(Stored data entries)
┌────────
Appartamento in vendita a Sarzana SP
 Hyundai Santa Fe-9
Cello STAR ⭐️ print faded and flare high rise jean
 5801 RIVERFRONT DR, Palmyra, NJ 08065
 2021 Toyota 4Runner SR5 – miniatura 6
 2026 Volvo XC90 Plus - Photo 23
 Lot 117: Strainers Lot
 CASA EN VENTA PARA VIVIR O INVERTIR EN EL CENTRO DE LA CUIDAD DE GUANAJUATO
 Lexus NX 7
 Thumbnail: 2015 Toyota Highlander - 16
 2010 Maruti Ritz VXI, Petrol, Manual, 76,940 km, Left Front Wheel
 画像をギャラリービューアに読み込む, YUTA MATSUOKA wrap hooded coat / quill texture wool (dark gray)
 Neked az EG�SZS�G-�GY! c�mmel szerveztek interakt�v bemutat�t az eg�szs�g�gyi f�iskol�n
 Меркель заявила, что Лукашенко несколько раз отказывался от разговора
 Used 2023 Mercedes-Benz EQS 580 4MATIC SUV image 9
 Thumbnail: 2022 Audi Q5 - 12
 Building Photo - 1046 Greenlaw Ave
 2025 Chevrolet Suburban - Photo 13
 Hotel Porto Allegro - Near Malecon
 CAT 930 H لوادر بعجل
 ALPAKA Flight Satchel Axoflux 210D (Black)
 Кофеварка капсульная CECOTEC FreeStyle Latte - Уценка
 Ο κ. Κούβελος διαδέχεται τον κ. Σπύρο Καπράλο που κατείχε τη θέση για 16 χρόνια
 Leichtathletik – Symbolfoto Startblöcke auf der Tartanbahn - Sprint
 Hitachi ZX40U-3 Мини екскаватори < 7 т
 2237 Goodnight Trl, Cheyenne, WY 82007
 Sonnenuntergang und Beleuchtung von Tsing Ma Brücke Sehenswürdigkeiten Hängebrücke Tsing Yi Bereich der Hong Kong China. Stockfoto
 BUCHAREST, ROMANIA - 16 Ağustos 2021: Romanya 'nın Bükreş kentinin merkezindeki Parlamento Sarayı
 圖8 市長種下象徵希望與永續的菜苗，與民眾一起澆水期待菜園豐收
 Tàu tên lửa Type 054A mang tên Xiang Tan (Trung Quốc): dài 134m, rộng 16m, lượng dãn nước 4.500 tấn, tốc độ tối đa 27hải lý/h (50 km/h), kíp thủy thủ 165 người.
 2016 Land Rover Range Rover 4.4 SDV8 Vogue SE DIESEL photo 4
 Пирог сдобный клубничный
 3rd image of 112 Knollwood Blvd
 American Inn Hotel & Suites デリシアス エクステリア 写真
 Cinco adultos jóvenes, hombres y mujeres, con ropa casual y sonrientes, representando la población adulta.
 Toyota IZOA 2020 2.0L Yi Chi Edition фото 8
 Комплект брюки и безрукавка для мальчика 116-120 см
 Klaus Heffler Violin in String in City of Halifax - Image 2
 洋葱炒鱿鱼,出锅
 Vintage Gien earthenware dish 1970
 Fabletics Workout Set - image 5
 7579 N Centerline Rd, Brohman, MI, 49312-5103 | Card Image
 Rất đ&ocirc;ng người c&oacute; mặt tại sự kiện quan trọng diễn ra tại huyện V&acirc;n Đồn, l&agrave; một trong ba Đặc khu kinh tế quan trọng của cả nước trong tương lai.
└────────
• **Exercise objective**: Copy exactly the line that contains "Sonnenuntergang und Beleuchtung" and every line after it, up to and including the last line of the records.

• **Solved problem**:
 Sonnenuntergang und Beleuchtung von Tsing Ma Brücke Sehenswürdigkeiten Hängebrücke Tsing Yi Bereich der Hong Kong China. Stockfoto
 BUCHAREST, ROMANIA - 16 Ağustos 2021: Romanya 'nın Bükreş kentinin merkezindeki Parlamento Sarayı
 圖8 市長種下象徵希望與永續的菜苗，與民眾一起澆水期待菜園豐收
 Tàu tên lửa Type 054A mang tên Xiang Tan (Trung Quốc): dài 134m, rộng 16m, lượng dãn nước 4.500 tấn, tốc độ tối đa 27hải lý/h (50 km/h), kíp thủy thủ 165 người.
 2016 Land Rover Range Rover 4.4 SDV8 Vogue SE DIESEL photo 4
 Пирог сдобный клубничный
 3rd image of 112 Knollwood Blvd
 American Inn Hotel & Suites デリシアス エクステリア 写真
 Cinco adultos jóvenes, hombres y mujeres, con ropa casual y sonrientes, representando la población adulta.
 Toyota IZOA 2020 2.0L Yi Chi Edition фото 8
 Комплект брюки и безрукавка для мальчика 116-120 см
 Klaus Heffler Violin in String in City of Halifax - Image 2
 洋葱炒鱿鱼,出锅
 Vintage Gien earthenware dish 1970
 Fabletics Workout Set - image 5
 7579 N Centerline Rd, Brohman, MI, 49312-5103 | Card Image
 Rất đ&ocirc;ng người c&oacute; mặt tại sự kiện quan trọng diễn ra tại huyện V&acirc;n Đồn, l&agrave; một trong ba Đặc khu kinh tế quan trọng của cả nước trong tương lai.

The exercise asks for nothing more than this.